◆ **WORK REQUEST**:
Search the records for lines with the word "method" and copy each match.

◆ **GIVEN RECORDS**:
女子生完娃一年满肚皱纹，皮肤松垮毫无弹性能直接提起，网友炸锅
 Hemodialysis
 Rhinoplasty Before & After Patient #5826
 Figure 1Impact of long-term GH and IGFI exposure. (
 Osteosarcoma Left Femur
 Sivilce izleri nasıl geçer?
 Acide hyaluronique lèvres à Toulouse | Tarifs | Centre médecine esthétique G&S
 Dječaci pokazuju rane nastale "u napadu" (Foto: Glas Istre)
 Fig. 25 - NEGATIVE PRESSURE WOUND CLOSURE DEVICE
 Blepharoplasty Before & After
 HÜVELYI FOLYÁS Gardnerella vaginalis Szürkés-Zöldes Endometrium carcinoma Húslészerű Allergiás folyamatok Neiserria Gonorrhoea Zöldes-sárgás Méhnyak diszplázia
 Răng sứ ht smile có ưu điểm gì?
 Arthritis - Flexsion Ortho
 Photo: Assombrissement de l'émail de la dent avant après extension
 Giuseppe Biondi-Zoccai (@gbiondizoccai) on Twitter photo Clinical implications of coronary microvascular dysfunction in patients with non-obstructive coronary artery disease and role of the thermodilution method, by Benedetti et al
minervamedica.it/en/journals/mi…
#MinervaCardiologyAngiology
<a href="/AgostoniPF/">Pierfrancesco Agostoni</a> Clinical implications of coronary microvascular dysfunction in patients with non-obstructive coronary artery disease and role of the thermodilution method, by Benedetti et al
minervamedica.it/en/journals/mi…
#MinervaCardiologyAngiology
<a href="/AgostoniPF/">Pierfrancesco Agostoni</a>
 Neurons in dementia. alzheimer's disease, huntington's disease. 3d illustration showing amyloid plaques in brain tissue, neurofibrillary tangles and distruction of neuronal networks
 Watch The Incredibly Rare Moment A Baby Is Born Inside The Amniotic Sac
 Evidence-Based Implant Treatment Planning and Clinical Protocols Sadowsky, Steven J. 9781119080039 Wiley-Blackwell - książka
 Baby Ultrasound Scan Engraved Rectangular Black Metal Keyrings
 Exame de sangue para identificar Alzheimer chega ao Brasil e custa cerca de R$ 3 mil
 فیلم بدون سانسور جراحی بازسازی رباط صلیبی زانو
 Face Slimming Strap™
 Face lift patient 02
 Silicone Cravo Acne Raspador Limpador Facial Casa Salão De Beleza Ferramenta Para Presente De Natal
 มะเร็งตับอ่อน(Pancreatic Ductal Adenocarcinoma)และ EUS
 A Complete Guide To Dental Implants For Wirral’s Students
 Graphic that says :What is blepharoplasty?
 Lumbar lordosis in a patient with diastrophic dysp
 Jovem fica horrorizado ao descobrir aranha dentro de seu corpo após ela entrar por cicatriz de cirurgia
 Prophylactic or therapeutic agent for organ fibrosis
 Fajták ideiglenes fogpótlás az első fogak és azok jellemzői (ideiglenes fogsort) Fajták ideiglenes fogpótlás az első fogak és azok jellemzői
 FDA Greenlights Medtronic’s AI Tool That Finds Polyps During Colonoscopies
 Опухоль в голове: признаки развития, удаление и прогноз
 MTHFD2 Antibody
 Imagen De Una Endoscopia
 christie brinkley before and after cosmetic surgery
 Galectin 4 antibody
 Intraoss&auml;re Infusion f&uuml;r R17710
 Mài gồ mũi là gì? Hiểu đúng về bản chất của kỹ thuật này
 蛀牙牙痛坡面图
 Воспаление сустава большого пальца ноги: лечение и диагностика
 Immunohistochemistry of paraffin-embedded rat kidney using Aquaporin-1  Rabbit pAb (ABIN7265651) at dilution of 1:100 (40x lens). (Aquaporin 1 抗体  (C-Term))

◆ **EXPECTED ANSWER**:
 Giuseppe Biondi-Zoccai (@gbiondizoccai) on Twitter photo Clinical implications of coronary microvascular dysfunction in patients with non-obstructive coronary artery disease and role of the thermodilution method, by Benedetti et al
<a href="/AgostoniPF/">Pierfrancesco Agostoni</a> Clinical implications of coronary microvascular dysfunction in patients with non-obstructive coronary artery disease and role of the thermodilution method, by Benedetti et al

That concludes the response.